Exercise description
From the entries below, transcribe exactly the lines between the line holding "RRL Plainfield distressed straight jeans RRL" and the line holding "11pcs HSS Circular", inclusive; skip all other lines.

:: Records for this task

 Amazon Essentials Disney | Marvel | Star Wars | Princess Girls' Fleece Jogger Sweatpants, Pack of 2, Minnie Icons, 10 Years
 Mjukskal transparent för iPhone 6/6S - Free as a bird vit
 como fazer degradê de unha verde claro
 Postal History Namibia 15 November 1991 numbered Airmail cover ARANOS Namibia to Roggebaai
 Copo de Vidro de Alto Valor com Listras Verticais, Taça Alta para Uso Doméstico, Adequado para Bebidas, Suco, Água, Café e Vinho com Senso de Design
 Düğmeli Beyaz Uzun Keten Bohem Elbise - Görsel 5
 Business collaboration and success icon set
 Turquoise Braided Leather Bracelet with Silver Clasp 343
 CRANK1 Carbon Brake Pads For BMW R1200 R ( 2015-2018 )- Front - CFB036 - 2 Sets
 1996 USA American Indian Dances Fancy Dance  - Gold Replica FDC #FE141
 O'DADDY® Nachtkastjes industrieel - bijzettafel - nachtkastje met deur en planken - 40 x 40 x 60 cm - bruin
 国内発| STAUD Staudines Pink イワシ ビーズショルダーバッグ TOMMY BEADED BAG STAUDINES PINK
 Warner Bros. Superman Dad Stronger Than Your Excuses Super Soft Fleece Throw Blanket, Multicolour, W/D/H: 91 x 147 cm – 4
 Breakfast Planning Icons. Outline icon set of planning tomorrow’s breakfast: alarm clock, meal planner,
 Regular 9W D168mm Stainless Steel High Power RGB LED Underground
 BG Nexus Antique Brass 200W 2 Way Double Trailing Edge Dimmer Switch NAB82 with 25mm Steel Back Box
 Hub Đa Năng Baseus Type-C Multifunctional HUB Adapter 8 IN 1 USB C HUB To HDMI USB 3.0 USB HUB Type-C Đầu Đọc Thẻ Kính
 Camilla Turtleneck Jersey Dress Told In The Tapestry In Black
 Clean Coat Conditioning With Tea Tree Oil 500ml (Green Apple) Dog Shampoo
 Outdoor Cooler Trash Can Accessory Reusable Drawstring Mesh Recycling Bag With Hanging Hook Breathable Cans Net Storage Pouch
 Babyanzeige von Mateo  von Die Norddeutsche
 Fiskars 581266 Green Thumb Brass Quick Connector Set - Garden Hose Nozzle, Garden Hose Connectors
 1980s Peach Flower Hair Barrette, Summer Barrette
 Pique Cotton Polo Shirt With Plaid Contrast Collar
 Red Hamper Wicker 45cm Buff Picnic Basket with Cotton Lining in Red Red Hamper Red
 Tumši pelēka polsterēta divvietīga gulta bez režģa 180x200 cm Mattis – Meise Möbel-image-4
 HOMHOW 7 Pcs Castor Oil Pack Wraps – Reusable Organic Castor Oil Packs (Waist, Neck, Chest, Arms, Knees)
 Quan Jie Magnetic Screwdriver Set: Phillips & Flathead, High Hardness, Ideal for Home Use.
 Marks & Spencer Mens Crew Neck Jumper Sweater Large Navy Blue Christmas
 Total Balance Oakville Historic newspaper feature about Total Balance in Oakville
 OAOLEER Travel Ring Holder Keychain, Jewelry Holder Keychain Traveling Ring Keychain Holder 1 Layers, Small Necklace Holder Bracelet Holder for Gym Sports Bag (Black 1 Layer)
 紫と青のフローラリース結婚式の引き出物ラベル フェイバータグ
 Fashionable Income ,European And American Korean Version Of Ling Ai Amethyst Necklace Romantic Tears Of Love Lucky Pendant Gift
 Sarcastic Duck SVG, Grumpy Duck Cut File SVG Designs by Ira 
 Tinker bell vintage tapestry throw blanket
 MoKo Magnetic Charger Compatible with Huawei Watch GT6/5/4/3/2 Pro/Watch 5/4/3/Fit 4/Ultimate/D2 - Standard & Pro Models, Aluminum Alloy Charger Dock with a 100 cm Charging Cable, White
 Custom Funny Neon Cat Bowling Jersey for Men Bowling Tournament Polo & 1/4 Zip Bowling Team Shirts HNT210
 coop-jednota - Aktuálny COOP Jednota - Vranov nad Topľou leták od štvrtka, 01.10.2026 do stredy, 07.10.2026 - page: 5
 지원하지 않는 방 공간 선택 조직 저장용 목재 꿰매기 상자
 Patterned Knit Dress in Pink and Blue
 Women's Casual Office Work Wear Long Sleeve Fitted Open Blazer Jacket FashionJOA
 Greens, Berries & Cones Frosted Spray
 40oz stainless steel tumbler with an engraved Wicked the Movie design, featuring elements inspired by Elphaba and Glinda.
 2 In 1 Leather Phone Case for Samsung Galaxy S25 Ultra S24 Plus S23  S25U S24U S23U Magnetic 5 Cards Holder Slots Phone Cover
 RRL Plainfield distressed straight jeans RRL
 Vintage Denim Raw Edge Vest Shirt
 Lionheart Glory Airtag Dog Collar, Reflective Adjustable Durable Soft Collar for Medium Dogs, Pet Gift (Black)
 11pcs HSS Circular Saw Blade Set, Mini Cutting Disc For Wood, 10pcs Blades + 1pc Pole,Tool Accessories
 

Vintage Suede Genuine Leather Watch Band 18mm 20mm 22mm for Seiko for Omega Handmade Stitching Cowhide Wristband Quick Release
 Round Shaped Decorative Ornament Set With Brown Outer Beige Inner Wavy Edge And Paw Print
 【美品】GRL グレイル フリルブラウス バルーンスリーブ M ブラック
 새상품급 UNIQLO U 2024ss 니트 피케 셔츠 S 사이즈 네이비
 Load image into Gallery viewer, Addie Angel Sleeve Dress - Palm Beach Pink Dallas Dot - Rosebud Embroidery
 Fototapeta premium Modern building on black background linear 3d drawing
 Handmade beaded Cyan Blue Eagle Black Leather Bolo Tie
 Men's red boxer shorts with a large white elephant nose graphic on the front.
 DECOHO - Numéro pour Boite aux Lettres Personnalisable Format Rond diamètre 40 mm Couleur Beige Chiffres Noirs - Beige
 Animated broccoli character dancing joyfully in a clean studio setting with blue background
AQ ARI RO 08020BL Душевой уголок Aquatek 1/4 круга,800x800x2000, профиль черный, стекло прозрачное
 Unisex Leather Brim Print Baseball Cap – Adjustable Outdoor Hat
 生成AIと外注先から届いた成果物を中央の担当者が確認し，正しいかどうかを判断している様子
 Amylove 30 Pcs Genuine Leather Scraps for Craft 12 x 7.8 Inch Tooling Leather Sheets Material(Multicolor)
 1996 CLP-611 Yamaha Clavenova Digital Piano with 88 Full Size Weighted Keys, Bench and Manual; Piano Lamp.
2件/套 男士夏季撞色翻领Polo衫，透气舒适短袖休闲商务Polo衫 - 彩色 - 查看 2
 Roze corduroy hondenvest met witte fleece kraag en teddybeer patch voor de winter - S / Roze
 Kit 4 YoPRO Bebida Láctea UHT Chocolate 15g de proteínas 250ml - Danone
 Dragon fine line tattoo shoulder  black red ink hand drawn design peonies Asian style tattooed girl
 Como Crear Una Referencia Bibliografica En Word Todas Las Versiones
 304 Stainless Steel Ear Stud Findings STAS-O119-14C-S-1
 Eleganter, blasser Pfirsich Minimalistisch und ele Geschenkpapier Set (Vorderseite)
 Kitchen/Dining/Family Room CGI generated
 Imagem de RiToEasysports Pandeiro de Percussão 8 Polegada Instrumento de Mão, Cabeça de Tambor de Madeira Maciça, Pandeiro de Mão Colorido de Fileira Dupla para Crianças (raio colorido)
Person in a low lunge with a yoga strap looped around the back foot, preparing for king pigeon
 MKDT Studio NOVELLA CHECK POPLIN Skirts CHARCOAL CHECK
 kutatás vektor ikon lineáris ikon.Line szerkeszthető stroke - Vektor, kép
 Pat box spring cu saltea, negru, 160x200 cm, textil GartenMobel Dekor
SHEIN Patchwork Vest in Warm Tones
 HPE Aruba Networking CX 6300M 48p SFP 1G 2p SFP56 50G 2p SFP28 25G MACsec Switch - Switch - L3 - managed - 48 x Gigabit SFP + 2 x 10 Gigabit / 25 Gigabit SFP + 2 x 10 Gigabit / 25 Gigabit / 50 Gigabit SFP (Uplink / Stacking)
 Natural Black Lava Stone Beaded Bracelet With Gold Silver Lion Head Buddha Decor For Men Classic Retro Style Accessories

::::

Your response
 RRL Plainfield distressed straight jeans RRL
 Vintage Denim Raw Edge Vest Shirt
 Lionheart Glory Airtag Dog Collar, Reflective Adjustable Durable Soft Collar for Medium Dogs, Pet Gift (Black)
 11pcs HSS Circular Saw Blade Set, Mini Cutting Disc For Wood, 10pcs Blades + 1pc Pole,Tool Accessories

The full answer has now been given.